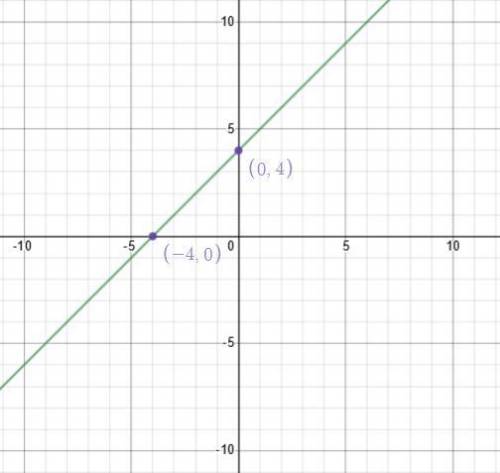 Graph each equation by using the x and y intercepts. 
y = 4 + x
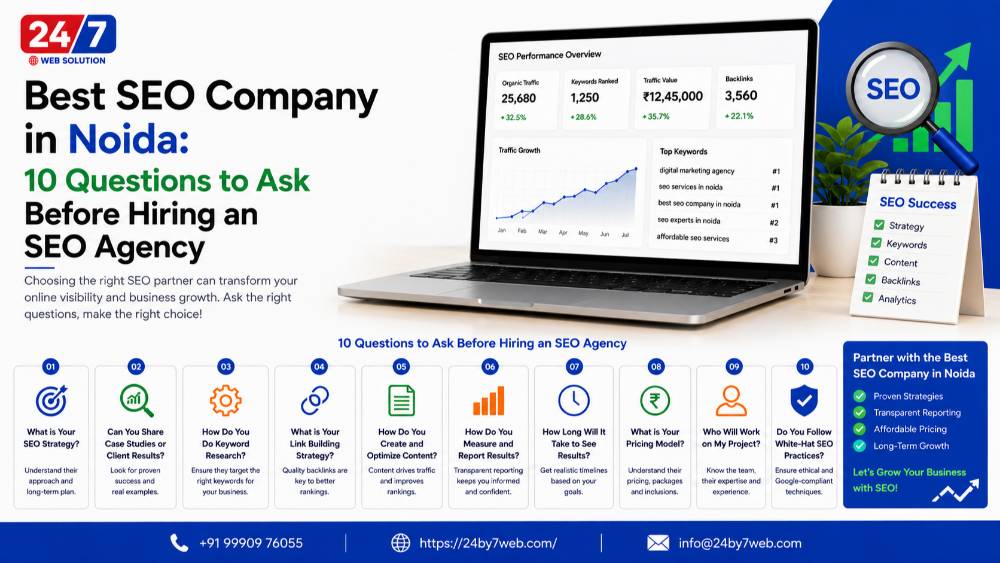 Best SEO Company in Noida 2026: 10 Questions to Ask Before Hiring an SEO Agency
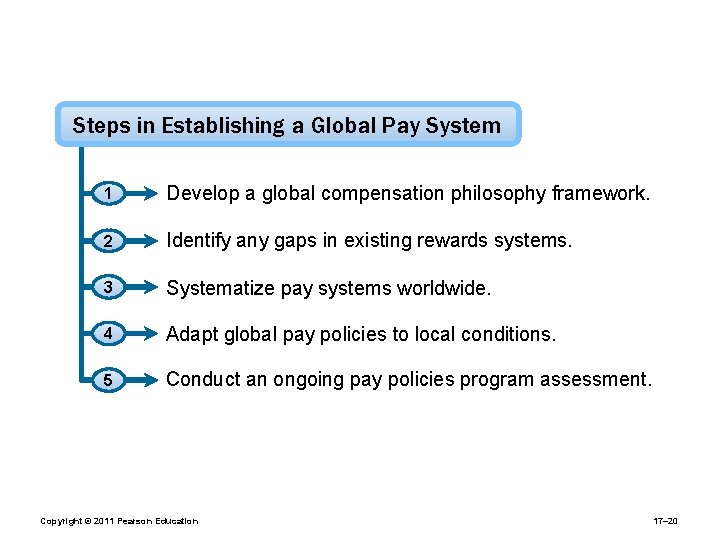 Steps in Establishing a Global Pay System 1 Develop a global compensation philosophy framework.
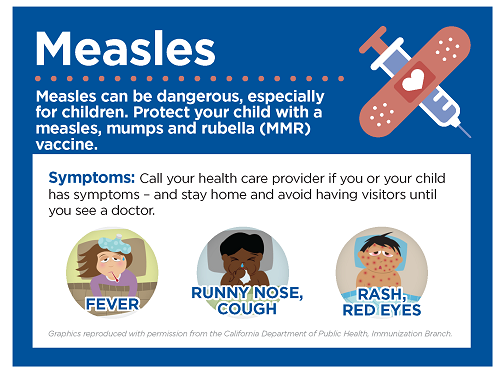 conclusion on measles essay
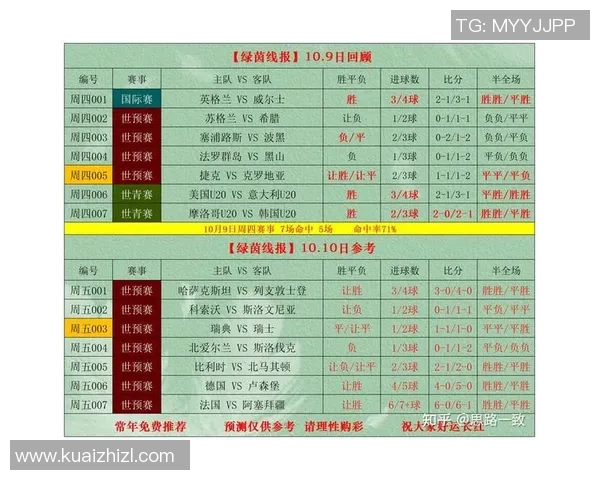 竞彩足球星期五最新开奖结果分析及热门赛事预测助力投注决策 竞彩足球星期五最新开奖结果分析及热门赛事预测助力投注决策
+++
(Activity) Give the listing above again in its entirety, exactly as written and free of images.

(Response to this task)
 Graph each equation by using the x and y intercepts. 
y = 4 + x
 Best SEO Company in Noida 2026: 10 Questions to Ask Before Hiring an SEO Agency
 Steps in Establishing a Global Pay System 1 Develop a global compensation philosophy framework.
 conclusion on measles essay
 竞彩足球星期五最新开奖结果分析及热门赛事预测助力投注决策 竞彩足球星期五最新开奖结果分析及热门赛事预测助力投注决策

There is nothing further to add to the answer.